Tras su jornada inaugural, en la que la Berlinale desplegó gran parte de sus encantos para dar inicio a su 68° edición, el primer día activo del festival de cine de la capital alemana significó también el debut para una de las películas que quizá sea la más impactante que trajo hasta acá la delegación argentina. Se trata de Teatro de guerra, de Lola Arias, quien ostenta una larga experiencia en los territorios del teatro y las artes visuales, pero que da con esta película su primer paso como cineasta. El punto de partida es un experimento ambicioso y no exento de riesgos, que aborda el tema de la Guerra de Malvinas desde un punto de vista infrecuente.
La película comienza con una serie de entrevistas a veteranos de dicho conflicto armado, en las que a partir de primeros planos fijos cada uno va respondiendo a las preguntas de una presentación de rigor: nombre, edad, grado durante la guerra, ocupación actual. Pero no se trata solo de aquellos soldaditos argentinos hoy convertidos en hombres, sino también de soldados del ejército inglés que también fueron parte de aquel teatro de operaciones.

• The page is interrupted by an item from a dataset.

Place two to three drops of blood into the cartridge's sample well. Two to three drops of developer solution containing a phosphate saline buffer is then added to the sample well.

Más allá del idioma y de detalles superficiales como el color de los ojos o de la piel, ese comienzo sirve para poner en escena el carácter homogéneo de la experiencia de haber sido parte de una guerra. Es decir, nadie que haya participado de una guerra permanece indemne, todos salen heridos. No hay mejores ni peores, ni más ni menos dolidos. En esta visión abarcativa de la Guerra de Malvinas todos, argentinos e ingleses, comparten el lugar de víctimas. Esa certeza recorre el relato de Arias, quien lo hilvana a partir de breves viñetas en las que las experiencias personales, a priori intrasnsferibles, van siendo compartidas ya no con los propios compañeros, sino con quienes alguna vez fueron el enemigo más odiado.

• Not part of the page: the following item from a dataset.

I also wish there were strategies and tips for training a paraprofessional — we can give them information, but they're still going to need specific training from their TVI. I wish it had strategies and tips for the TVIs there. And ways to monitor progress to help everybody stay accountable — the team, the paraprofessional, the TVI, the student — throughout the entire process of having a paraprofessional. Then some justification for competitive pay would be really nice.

Sin recurrir a golpes de efecto que sobrecarguen el relato, la directora consigue poner en acción la memoria a través de una serie de dramatizaciones. En ellas los protagonistas van recorriendo sus vivencias hasta entablar una comunicación que consigue ir más allá de los límites del idioma. Los argentinos hablan español y los británicos inglés, pero aun con poco conocimiento del idioma ajeno, así y todo se produce un contacto muy profundo entre ellos. Más allá de la diferencia de bandos desde dónde cada quien vivió la guerra, hay una experiencia común: de un lado y del otro los relatos apenas difieren en sus pormenores.
Un excombatiente argentino cuenta que a su regreso se volvió duro e insensible, recuerda el horror del suicidio de los compañeros, su adicción a las drogas y el alcohol. Un ex soldado inglés recuerda una y otra vez una misma escena, en la que un soldado argentino al que él mismo le disparó muere en sus brazos. Con recursos que muchas veces recuerdan a ejercicios teatrales o dramatizaciones terapéuticas, Arias consigue que el abismo de la guerra casi desaparezca, reuniendo cada miedo individual en un gran miedo común y haciendo que cada experiencia dolorosa se funda en un mismo y único dolor.
Resultan particularmente impresionantes dos imágenes. En una de ellas dos excombatientes, uno argentino y el otro inglés, se besan en la boca disfrazados con máscaras de goma de Margaret Thatcher y Leopoldo Galtieri. En la otra tres argentinos y dos ingleses se integran en una formación rockera e improvisan una canción punk sobre la guerra. Con muchísimos aciertos de puesta en escena, Teatro de guerra es una película que, sin negar ni olvidar, se propone sobre todo como una experiencia de reconciliación. Una experiencia de la que es recomendable participar como espectador.